Dental Hygiene Tips from a Greenbelt Family Dentist
When it comes to maintaining the health and beauty of our smile, everybody has their own little rituals and quirks. Someone may brush more or less than three times each day. People may use different kinds of dental floss, or they may not floss at all. They may prefer to use some refreshing antimicrobial mouth wash instead. There are different kinds of toothbrushes to choose from, some of which you can see here: http://dentalhealthgroup.ca/different-types-of-toothbrushes-finding-the-best-option-for-you/.
However, if you are looking for the optimal dental hygiene practices that will boost your oral health, there are a few tried and tested strategies to consider. We did a little research on what the various experts recommend, and what these recommendations have in common.
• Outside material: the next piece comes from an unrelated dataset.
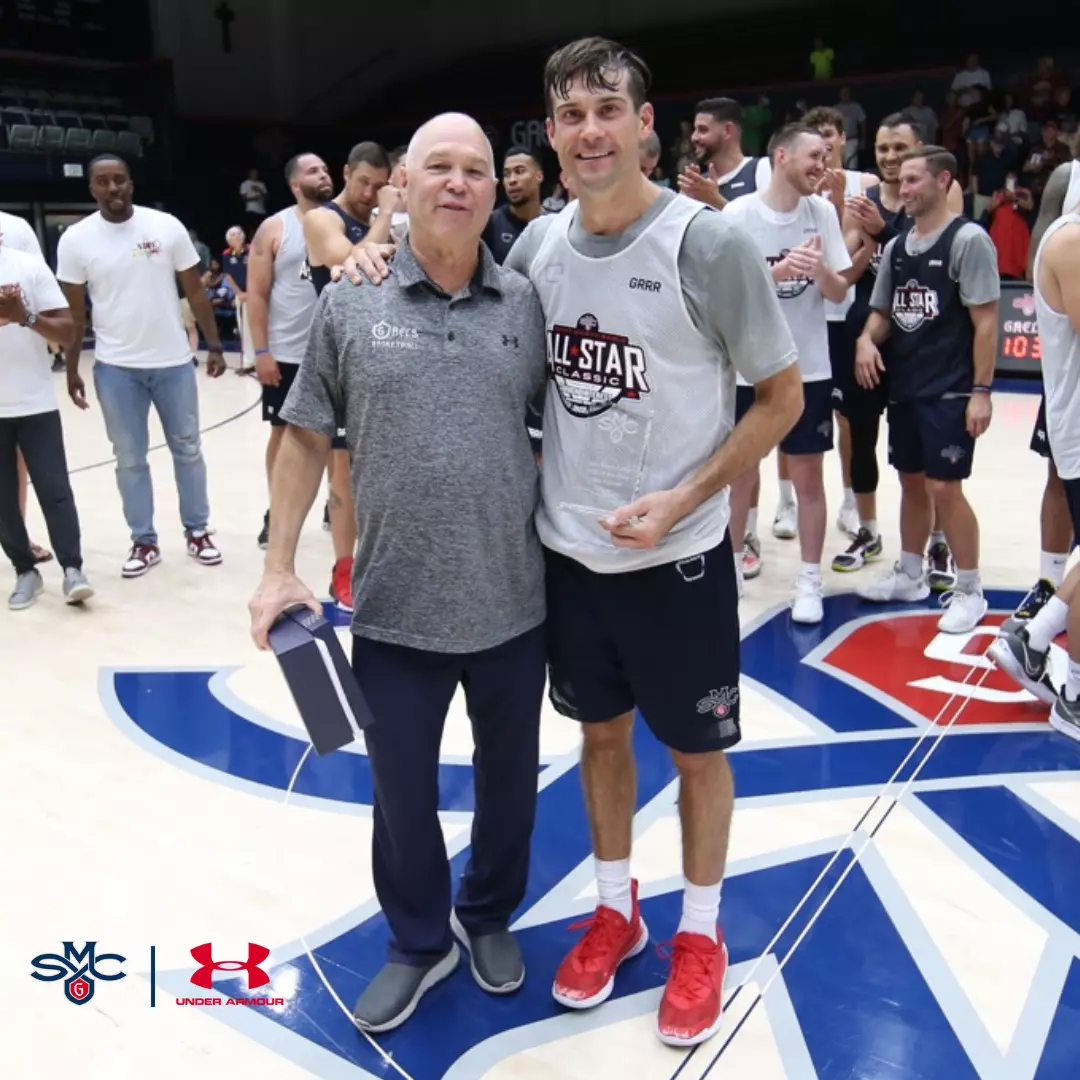 Randy Bennett and MVP, Joe Rahon ASG 2022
Read on to find out what we discovered!
To get your time in, brush your teeth to music!
The optimal amount of time to spend brushing your teeth is about three minutes, but certainly a bare minimum of two. You can read a bit more about that at this link. Two or three minutes is just enough time to reach all the areas inside the mouth and properly scrub off all the troublesome bacteria and tiny food residue. However, most people these days will brush their teeth for less than one minute, which is nowhere near enough to actually achieve anything.
This temporal dichotomy is completely understandable – we tend to subjectively perceive a given span of time as either much longer or much shorter than it actually is. Also, since many of us brush our teeth in the morning or evening, when we are busy or tired, respectively, it is quite easy to misperceive the length of our brushing.
Luckily, there is a really simple trick to help overcome this: music. Simply play some music during your hygiene sessions! The average length of one song is about three minutes, which gives you a perfect timer to keep yourself in line. It can also be a creative boost to your routine: play something upbeat for a morning burst of energy, or something calming in the evening after work.
Be careful of what you eat and drink.
This is something that all experts, from the local Greenbelt family dentist to the world-renowned American Dental Association and the British Dental Association, as well as all amateurs such as the local herbalist and everybody’s grandmother, can unanimously agree on!
Tobacco is the most notorious enemy of teeth out there, and it leads to periodontal issues such as oral cancer. Moreover, the things that people typically use to mask the tobacco odour inflict even more damage on their teeth. Sweets, tea, coffee, and chewing gum (which contain various artificial sweeteners) will in fact double all the damage that the tobacco had already inflicted.
In close second place, fizzy drinks and alcohol deserve to be kicked right out of your fridge at once. Both contain significant amounts of phosphorus, an overabundance of which depletes the calcium in your body, and this in turn contributes to gum disease and tooth decay. Although some amount of it is necessary for keeping your bone structure healthy and strong, phosphorus overload accelerates cavity formation.
Some teeth-friendly and equally delicious alternatives include nuts, fruit, cheese, vegetables, and chicken, so why not browse online for some quick and creative snack recipes?
Be even more careful of when you eat and drink.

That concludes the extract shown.